Looking at the records below, please work out how many lines contain the word "Office" and give the number alone.

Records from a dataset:

•••••

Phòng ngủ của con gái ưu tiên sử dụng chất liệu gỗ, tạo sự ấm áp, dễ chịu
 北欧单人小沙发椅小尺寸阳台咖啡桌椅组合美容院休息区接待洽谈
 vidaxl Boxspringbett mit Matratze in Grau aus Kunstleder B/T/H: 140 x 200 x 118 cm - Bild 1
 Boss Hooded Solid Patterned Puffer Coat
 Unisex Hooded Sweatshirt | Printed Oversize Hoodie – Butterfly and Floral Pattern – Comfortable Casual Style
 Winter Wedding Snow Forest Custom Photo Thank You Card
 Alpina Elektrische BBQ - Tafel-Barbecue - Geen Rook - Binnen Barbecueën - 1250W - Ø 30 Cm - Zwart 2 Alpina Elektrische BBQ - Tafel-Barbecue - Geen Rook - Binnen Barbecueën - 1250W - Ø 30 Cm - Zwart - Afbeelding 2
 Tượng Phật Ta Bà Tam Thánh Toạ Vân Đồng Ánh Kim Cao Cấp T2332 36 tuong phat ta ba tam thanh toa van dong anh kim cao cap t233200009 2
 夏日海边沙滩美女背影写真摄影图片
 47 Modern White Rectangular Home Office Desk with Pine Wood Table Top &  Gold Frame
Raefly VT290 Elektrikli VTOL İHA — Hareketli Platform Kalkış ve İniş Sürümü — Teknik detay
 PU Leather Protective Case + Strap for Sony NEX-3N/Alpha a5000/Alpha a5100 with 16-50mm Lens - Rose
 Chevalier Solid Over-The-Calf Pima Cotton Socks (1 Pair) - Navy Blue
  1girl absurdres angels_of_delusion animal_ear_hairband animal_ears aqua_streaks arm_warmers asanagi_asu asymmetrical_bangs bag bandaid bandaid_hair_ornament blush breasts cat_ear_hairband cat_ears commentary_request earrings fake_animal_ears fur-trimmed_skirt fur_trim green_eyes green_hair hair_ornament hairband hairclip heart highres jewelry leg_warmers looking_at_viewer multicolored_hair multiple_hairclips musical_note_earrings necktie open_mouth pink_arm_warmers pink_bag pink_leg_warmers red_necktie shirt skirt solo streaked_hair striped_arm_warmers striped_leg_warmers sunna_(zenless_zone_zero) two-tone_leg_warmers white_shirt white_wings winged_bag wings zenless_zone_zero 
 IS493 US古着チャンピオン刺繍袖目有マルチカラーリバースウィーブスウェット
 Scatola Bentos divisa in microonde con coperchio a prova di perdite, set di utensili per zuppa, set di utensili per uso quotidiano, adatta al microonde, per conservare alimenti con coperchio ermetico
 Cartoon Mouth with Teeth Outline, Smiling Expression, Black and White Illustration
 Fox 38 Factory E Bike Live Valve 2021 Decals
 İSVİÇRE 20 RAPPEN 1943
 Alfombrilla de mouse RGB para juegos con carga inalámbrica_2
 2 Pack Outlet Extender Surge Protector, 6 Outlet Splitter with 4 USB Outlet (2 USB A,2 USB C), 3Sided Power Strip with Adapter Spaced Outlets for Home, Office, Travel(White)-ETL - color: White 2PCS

•••••

Your response - 2